These are easy to make and everyone loves, loves, loves them.
2 lbs chicken, cooked and cut
1 can cr. of celery soup
1 can cr. of chicken soup
1 can chopped green chilies (op.)
1 pint sour cream
1 onion chopped (op.)
3 – 4 cups cheddar cheese (or your favorite cheese blend)
salt and pepper to taste
Flour Tortillas (15 – 25 depending on size)
Mix all together and dollop on the center of tortilla. Tuck and roll! Place in a 9×13 dish.
Bake at 350 for 20 – 30 mins at most (these heat through quickly).

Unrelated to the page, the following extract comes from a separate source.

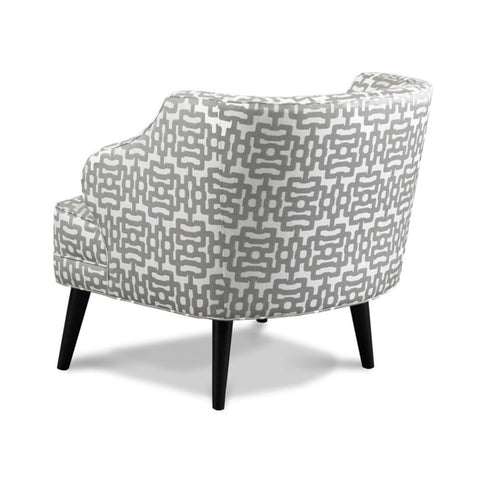 Precedent Courtney Chair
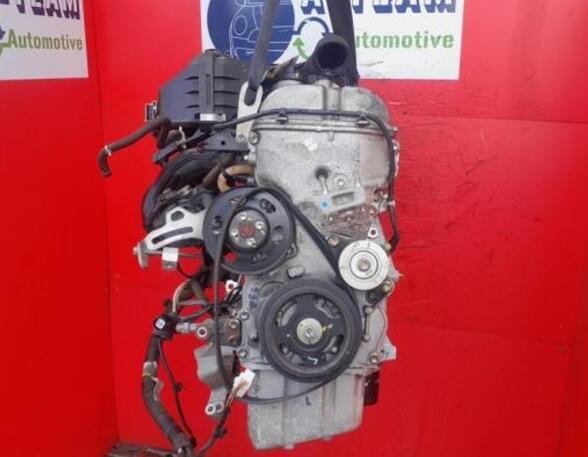 Motor kaal NISSAN PIXO (UA0)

Cater to your family’s liking. You can throw in black olives, mushrooms …etc. I sometimes use the chilies, sometimes not. You can use all cream of chicken soup (or mushroom, celery – doesn’t matter). I just made these for a potluck and cut back on some of the onion since some don’t like, and added some tiny chopped celery and used a Mexican cheese blend. And I used smaller tortillas since it was a potluck.
For chicken you can just use rotisserie chicken from the store and shred (easy, already cooked!). I like to buy bone-in chicken, boil it and cut up. There was a special at our store last week of packages of bone-in chicken parts, which literally added up to a whole bird (4 lbs) and I was able to easily double the recipe. So easy breezy to double this and you might as well because they go fast!
Enjoy! And a shout-out to Caralee!! She gave me this recipe after she so generously kept my kids while we traveled to Texas to house-hunt, years ago. She wrote it out for me and everything because my kids loved the Chilupas so much. :) Think of you every time, Caralee!